Collected material below:

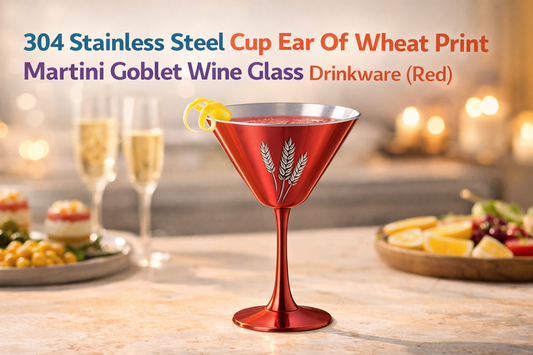 Elevate Your Drink Experience with the 304 Stainless Steel Cup Ear Of Wheat Print Martini Goblet Wine Glass Drinkware (Red)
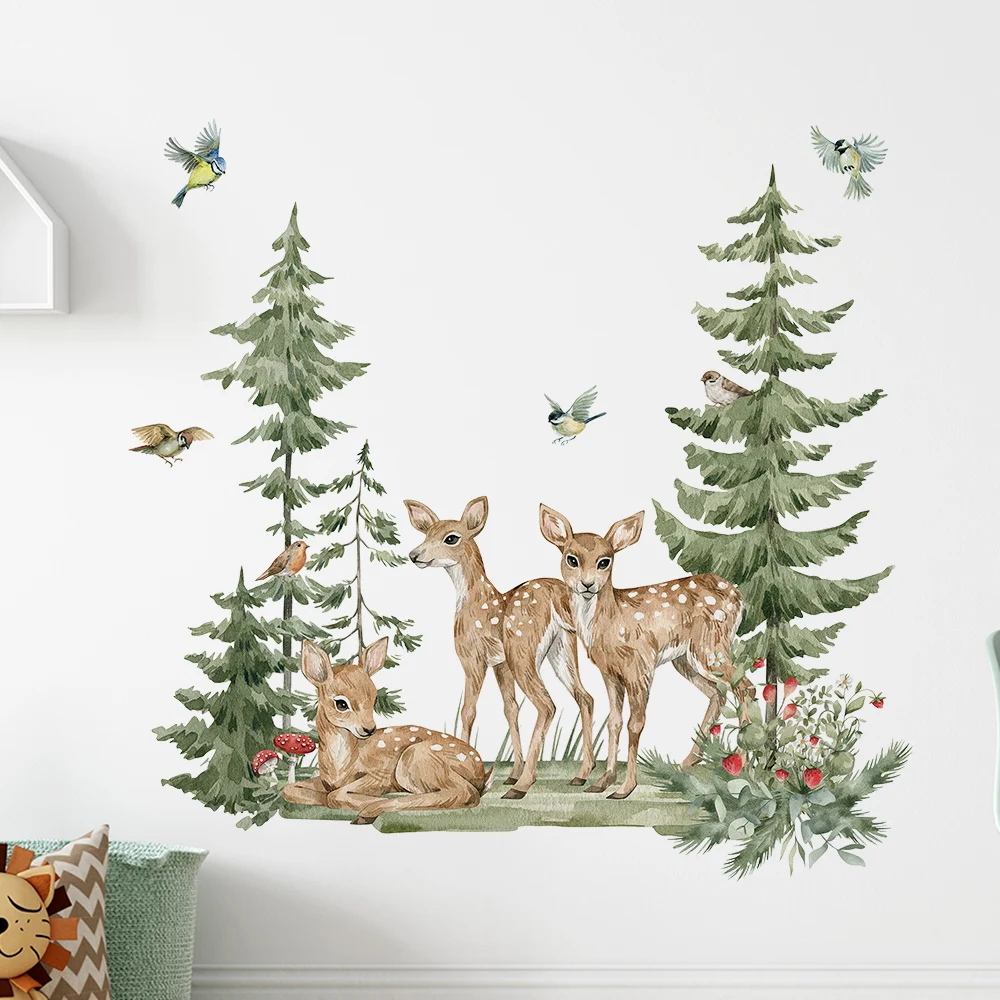 Cartoon Forest Animals Wall Stickers for Living room Bedroom Sofa Backdrop Wall Decor Waterproof pvc Wall Decals Room Decoration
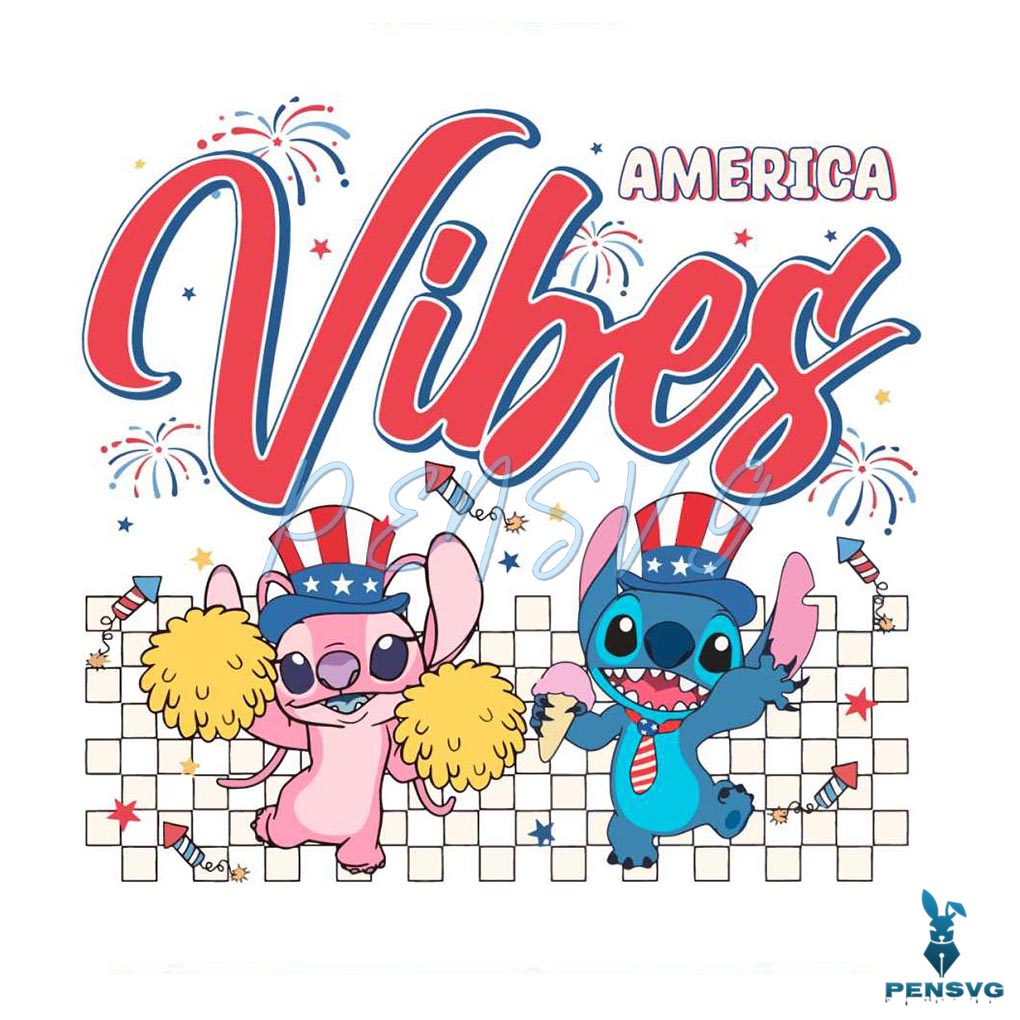 Retro Lilo And Stitch 4th Of July American Vibes SVG Cutting File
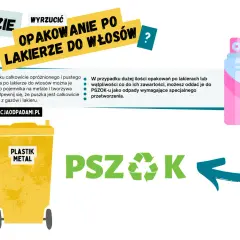 Puste puszki po lakierach do włosów wyrzucaj do pojemnika na metale i tworzywa. Duże ilości lub wątpliwości co do zawartości oddaj do PSZOK-u.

End of Collected material.

Task details: Please print all the data above word for word. Pictures should not appear in the copy.

Answer to this task:
 Elevate Your Drink Experience with the 304 Stainless Steel Cup Ear Of Wheat Print Martini Goblet Wine Glass Drinkware (Red)
 Cartoon Forest Animals Wall Stickers for Living room Bedroom Sofa Backdrop Wall Decor Waterproof pvc Wall Decals Room Decoration
 Retro Lilo And Stitch 4th Of July American Vibes SVG Cutting File
 Puste puszki po lakierach do włosów wyrzucaj do pojemnika na metale i tworzywa. Duże ilości lub wątpliwości co do zawartości oddaj do PSZOK-u.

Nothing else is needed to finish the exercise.